Three days of official mourning for Mahmoud Darwish

The Associated Press has reported, in a brief story picked up and published in the Jerusalem Post, that “Palestinian President Mahmoud Abbas has called for three days of mourning for Palestinian poet Mahmoud Darwish. Darwish died Saturday at the age of 67, following open heart surgery at a Houston hospital … After the announcement of his death late Saturday, dozens of Palestinians gathered in downtown Ramallah and lit memorial candles”. The full report can be read here.

Haaretz is reporting that he may be buried in Israel or in Palestine: “According to the sources, Palestinians intend for Darwish to be buried either in his home town in the western Galilee, that had since been demolished with the Jewish Moshav Ahihud erected in its stead in 1950, or in the neighboring village Jadaida, where Darwish’s family still resides. However, it is also possible that his body be laid to rest in the West Bank city of Ramallah. Arab press reports on Sunday said that Darwish asked in his will to be buried in Palestine”. The full Haaretz article can be read here .
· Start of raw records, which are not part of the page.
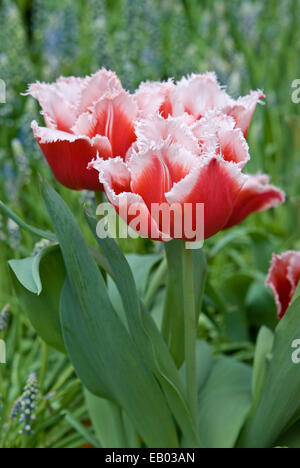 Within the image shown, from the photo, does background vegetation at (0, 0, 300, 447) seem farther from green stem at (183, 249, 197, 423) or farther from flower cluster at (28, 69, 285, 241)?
flower cluster at (28, 69, 285, 241)

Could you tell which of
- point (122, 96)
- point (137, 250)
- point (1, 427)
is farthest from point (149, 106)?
point (137, 250)

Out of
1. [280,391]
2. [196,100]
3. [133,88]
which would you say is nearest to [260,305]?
[280,391]

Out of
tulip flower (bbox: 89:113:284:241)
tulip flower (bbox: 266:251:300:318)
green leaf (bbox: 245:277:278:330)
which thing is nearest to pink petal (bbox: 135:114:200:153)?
tulip flower (bbox: 89:113:284:241)

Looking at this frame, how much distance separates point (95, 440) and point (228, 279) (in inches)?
13.0

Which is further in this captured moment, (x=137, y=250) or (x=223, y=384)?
(x=137, y=250)

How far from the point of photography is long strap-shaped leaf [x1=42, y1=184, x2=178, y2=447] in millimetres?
589

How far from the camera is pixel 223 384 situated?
0.78 m

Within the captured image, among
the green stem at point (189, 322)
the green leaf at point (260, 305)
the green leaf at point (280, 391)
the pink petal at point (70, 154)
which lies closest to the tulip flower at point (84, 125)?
the pink petal at point (70, 154)

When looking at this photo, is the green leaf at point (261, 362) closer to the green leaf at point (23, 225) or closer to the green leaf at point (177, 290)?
the green leaf at point (177, 290)

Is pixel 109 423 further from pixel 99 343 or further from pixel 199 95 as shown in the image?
pixel 199 95

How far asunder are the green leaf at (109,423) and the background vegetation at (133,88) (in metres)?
0.04

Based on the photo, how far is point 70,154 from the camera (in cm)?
57

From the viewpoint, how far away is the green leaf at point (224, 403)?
27.7 inches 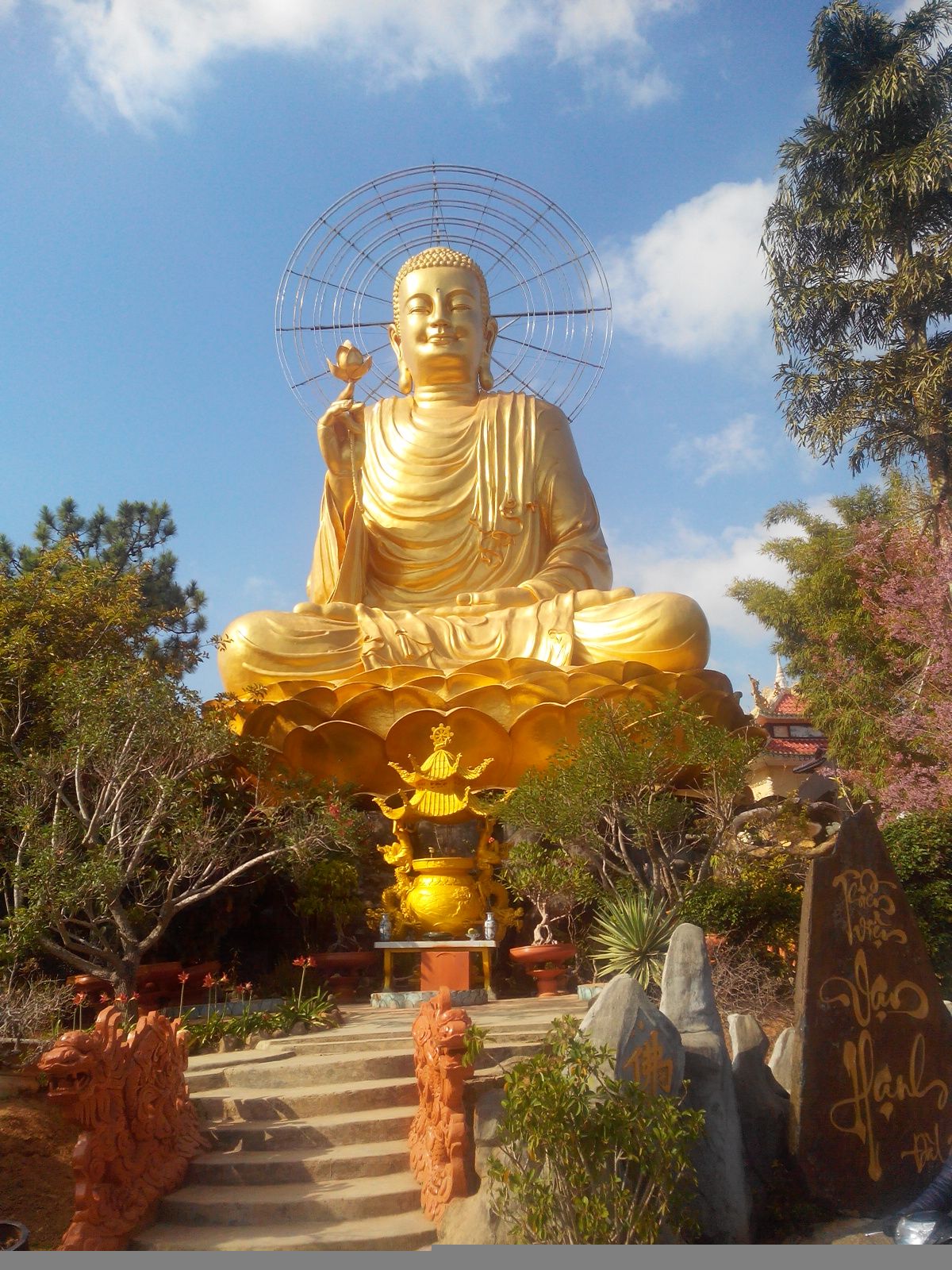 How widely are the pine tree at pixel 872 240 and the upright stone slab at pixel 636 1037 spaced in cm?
961

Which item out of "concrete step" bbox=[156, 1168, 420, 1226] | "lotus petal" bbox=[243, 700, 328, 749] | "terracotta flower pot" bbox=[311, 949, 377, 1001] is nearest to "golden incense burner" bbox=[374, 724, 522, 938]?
"terracotta flower pot" bbox=[311, 949, 377, 1001]

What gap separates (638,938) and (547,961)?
150cm

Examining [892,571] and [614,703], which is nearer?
→ [614,703]

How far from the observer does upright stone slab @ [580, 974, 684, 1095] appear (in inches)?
153

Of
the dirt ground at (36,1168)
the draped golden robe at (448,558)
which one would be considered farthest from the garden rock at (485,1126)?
the draped golden robe at (448,558)

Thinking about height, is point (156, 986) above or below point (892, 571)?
below

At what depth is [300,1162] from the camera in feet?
14.0

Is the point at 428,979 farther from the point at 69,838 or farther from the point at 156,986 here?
the point at 69,838

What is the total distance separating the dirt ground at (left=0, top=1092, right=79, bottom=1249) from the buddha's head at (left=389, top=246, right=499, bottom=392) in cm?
946

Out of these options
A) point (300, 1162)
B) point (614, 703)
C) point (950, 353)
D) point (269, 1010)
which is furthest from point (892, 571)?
point (300, 1162)

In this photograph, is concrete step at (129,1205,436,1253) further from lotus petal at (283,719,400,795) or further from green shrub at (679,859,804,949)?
lotus petal at (283,719,400,795)

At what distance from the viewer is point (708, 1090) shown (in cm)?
415

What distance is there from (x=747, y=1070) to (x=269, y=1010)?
3144mm

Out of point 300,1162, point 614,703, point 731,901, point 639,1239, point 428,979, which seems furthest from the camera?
point 614,703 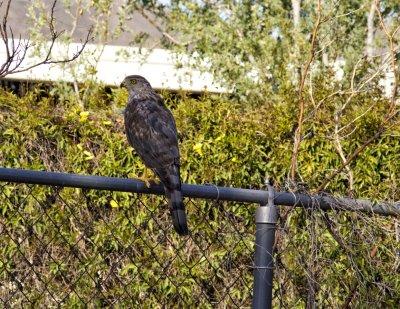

My guess is that he will be buried in Ramallah — and maybe even in the Muqata’a, near the Yasser Arafat mausuleum. Or maybe in the Khalil Sakakini Cultural Center, where he apparently lived in Ramallah.

Mahmoud Darwish lived almost all the possible states and statuses that are Palestinian. He was born in a small village near Acre (Akka). His family went into exile — apparently briefly to Lebanon — as refugees. Somehow — it is not entirely clear to me yet how, as return was usually prevented on threat of death — his family returned to what had by then become the north of Israel, though their original village had been destroyed. They became “internally displaced persons”, a category used everywhere in the world, except in Israel.

Darwish grew up in Israel, joined the Communist Party, became a journalist for a Communist Party newspapers, and as I recall caused great controversy when he marched with the Israeli Olympic team at one of the opening ceremonies somewhere, sometime. Then, in the 1970’s, he turned in his Israeli passport, and joined the PLO in exile. He went to Beirut. He travelled. He left Beirut after Ariel Sharon’s war against the PLO in Lebanon in 1982, and went to Tunisia. He split from the PLO in protest against the Oslo Accords which were publicly revealed in late 1993.

One of the books of poems he wrote about Palestine was called: Unfortunately, it was paradiseยข2006).

Obitiuary articles today remind me that Mahmoud Darwish was one of the authors of the Declaration of a Palestinian State — a document that was deliberately and consciously written as a kind of parallel or mirror to Israel’s 1948 Declaration of Independence — that was proclaimed by Yasser Arafat at a meeting of the Palestinian National Council in Algiers in November 1988.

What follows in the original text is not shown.